**TASK**
Produce an exact copy of all the data below, dropping every image.

**DATA SHOWN**
____

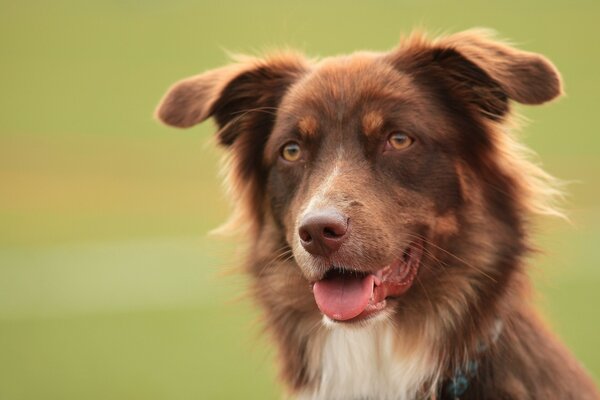 A brown dog with a protruding tongue on a green background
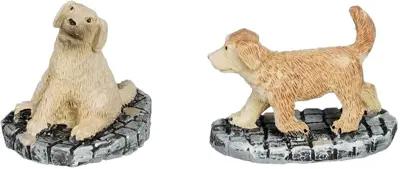 Luville General Golden retriever pups - afbeelding 1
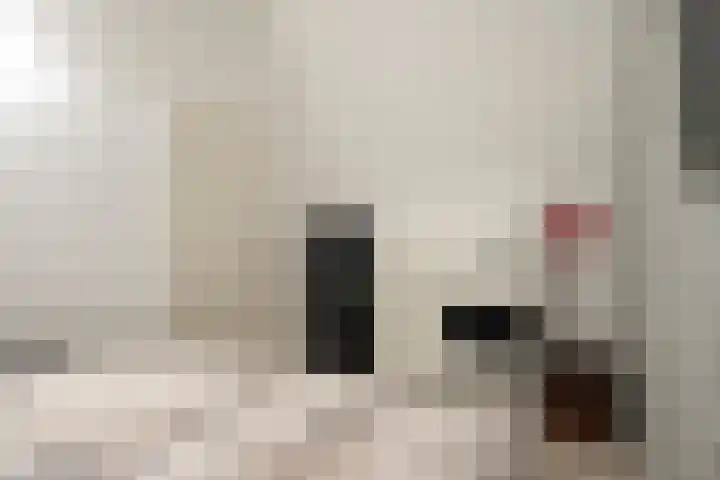 Everstraat 10 A Einighausen thumbnail 21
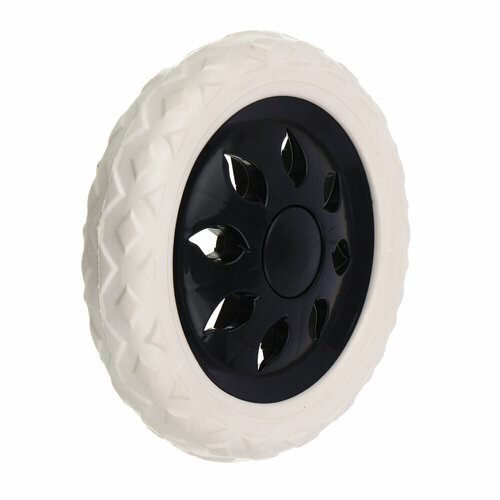 ���� ������ ��� �����-�������, ������� 16 ��, ������ �� 250 ���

____

**WORKED SOLUTION**
 A brown dog with a protruding tongue on a green background
 Luville General Golden retriever pups - afbeelding 1
 Everstraat 10 A Einighausen thumbnail 21
 ���� ������ ��� �����-�������, ������� 16 ��, ������ �� 250 ���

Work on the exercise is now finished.